Effects of biophysical variables on hindcasted stock productivity (1993–2020). In (a), estimated slopes for temperature, chlorophyll, and mixed layer depth versus stock productivity, in the first and last instance scaled by ×100 for visualization. Thick and thin bars represent 66% and 95% confidence intervals (CIs), respectively. In (b) and (c), the species were respectively sorted by increasing temperature and chlorophyll slopes, with transparency inversely indicating the significance, defined as 95% CI (the Bayesian CI, parameters from 1000 GLMMs, indicating the uncertainty originated from productivity hindcast) without zero.

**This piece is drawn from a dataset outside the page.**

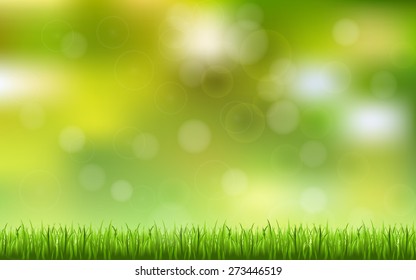 abstract bokeh and lens flare pattern with natural green grass background (vector)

In contrast to the variable temperature‐mediated productivity response, chlorophyll was predominantly linked to a positive effect (Figure 6a, Table S3). Specially, 71 species (171 stocks) exhibited positive slopes, and 37 species (105 stocks) showed negative slopes (Figure 6c). Interestingly, the spatial pattern of the relationships mirrored that for temperature and productivity. The slope of CHL increased nearly linearly (p = 0.0002) from Arctic to Antarctic waters (Figure S8b). For the ‘Top 5’ stocks (Figure 6c), round sardinella and southern blue whiting again appeared as above, while European plaice and petrale sole were once more ranked among the ‘Bottom 5’. In more detail, the species clearly benefited from increased chlorophyll also included striped red mullet ( Mullus surmuletus ), swordfish ( Xiphias gladius ) and Patagonian toothfish ( Dissostichus eleginoides ). At the other end of the response spectrum, in addition to the two flatfishes, were yellowtail flounder ( Limanda ferruginea ), skipjack tuna ( Katsuwonus pelamis ) and winter flounder ( Pseudopleuronectes americanus ).
Generally, the slope of mixed layer depth vs. productivity was weakly negative, associated with a reasonably narrow 95% confidence interval (Figure 6a). Due to model convergence, no random effect was presently considered.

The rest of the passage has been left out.